Electricity-, oil- and gas prices rose sharply during the month, partly as a result of higher demand, supply disruptions after Hurricane Ida and the transition to renewable energy sources creating greater unpredictability in energy production. The rise in energy prices is also causing inflationary pressure, and although the higher inflation may be of a temporary nature, there is some concern that a higher inflation rate will remain. The shortage of industrial components, such as semiconductors, continues to create problems for many companies while freight prices remain at high levels. All in all, this is dampening economic activity and is a source of concern. The United States is entering a new fiscal year on October 1, and at the last minute, American politicians decided on a temporary financing of government finances until December 3. However, the problems remain for President Biden and the White House as they have not yet been able to get their infrastructure- and welfare programmes approved by Congress.

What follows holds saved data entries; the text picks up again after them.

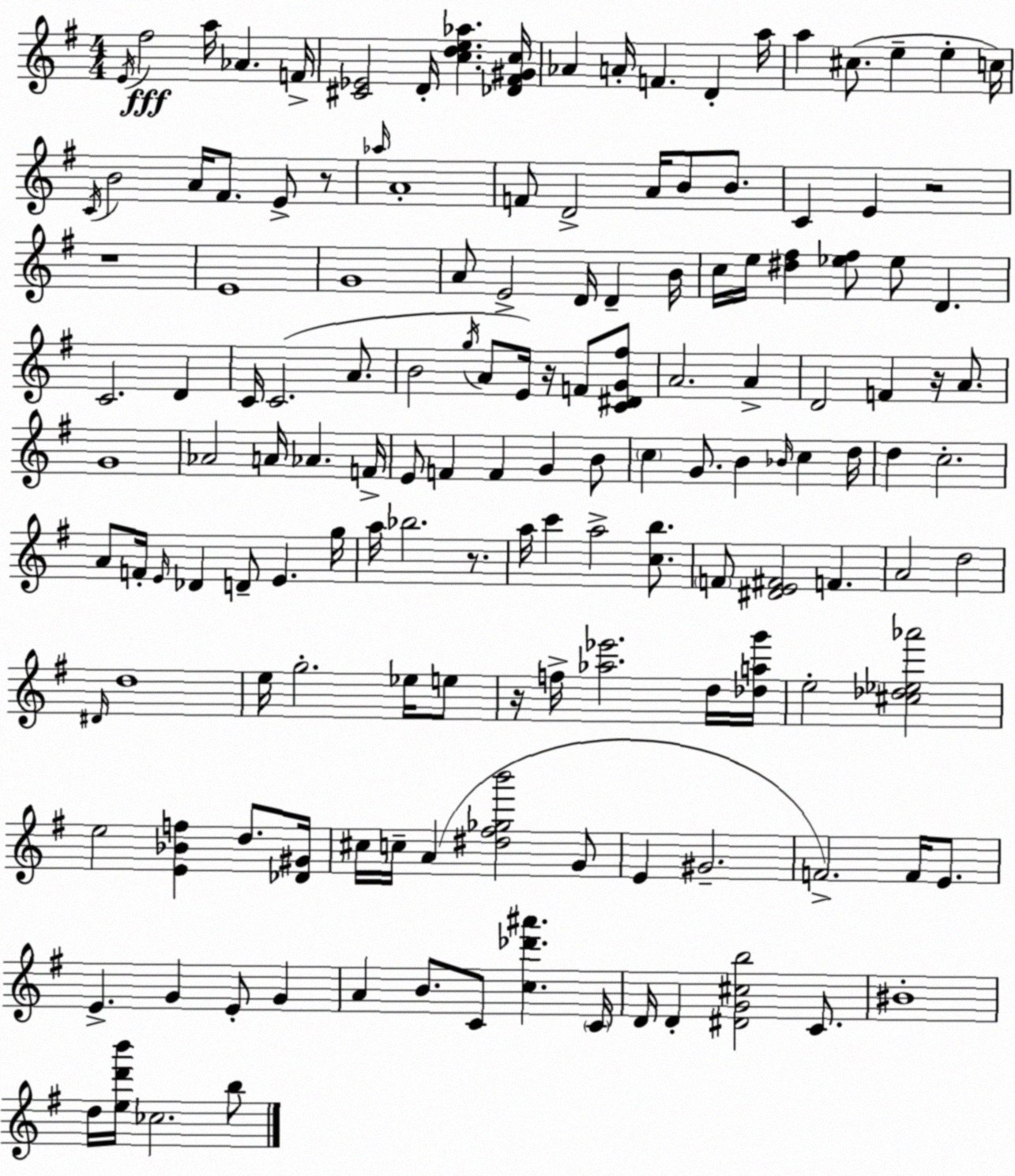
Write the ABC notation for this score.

X:1
T:Untitled
M:4/4
L:1/4
K:G
E/4 ^f2 a/4 _A F/4 [^C_E]2 D/4 [cde_a] [_D^F^Gc]/4 _A A/4 F D a/4 a ^c/2 e e c/4 C/4 B2 A/4 ^F/2 E/2 z/2 _a/4 A4 F/2 D2 A/4 B/2 B/2 C E z2 z4 E4 G4 A/2 E2 D/4 D B/4 c/4 e/4 [^d^f] [_e^f]/2 _e/2 D C2 D C/4 C2 A/2 B2 g/4 A/2 E/4 z/4 F/2 [C^DG^f]/2 A2 A D2 F z/4 A/2 G4 _A2 A/4 _A F/4 E/2 F F G B/2 c G/2 B _B/4 c d/4 d c2 A/2 F/4 E/4 _D D/2 E g/4 a/4 _b2 z/2 a/4 c' a2 [cb]/2 F/2 [^DE^F]2 F A2 d2 ^D/4 d4 e/4 g2 _e/4 e/2 z/4 f/4 [_a_e']2 d/4 [_dag']/4 e2 [^c_d_e_a']2 e2 [E_Bf] d/2 [_D^G]/4 ^c/4 c/4 A [^d^f_gb']2 G/2 E ^G2 F2 F/4 E/2 E G E/2 G A B/2 C/2 [c_d'^a'] C/4 D/4 D [^DG^cb]2 C/2 ^B4 d/4 [ed'b']/4 _c2 b/2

The US Federal Reserve kept the Fed Funds rate unchanged at its Executive Board meeting and also announced that it will continue its purchases of securities worth $ 120 billion a month. At the same time, they indicated that they will soon reach a point when they can start to reduce their asset purchases. Right now, the main scenario is that there will be such an announcement in connection with the Fed meeting in November and that the plan is to terminate them in the middle of next year. Fed members also raised their individual interest rate forecasts and half of them now foresee an interest rate hike as early as 2022. Overall, communication from the Fed was interpreted as somewhat “hawkish”, which caused long-term bond yields to rise. In Europe, the ECB decided to reduce the size of its asset purchases from the fourth quarter of 2021. However, ECB Governor Christine Lagarde emphasized that this should not be seen as tapering and that the ECB has the opportunity to increase its purchases again, if the economic conditions would require it.
The credit markets were also affected by the increased uncertainty surrounding inflation and growth. This led to a slightly weaker development for bonds with longer maturities and for subordinated bonds issued by banks and insurance companies. However, the high yield market in the Nordic countries, Europe and the US was affected to a lesser extent as most companies continue to develop well. A very large deal was made in the Nordic real estate market when Heimstaden Bostad acquired Akelius’ portfolio of residential properties in Sweden, Germany and Denmark. The deal, which is worth SEK 92.5 billion, is one of the largest deals in the world so far this year and is in line with Heimstaden Bostad’s growth ambitions. Activity in the primary market was good, although a slight slowdown could be noticed towards the end of the month as many companies entered “quiet periods” ahead of their Q3-reports. Simplicity participated in new issues in the Danish solar- and wind power company, European Energy, the Mexican telecom company Total Play and the Swedish real estate company, Platzer.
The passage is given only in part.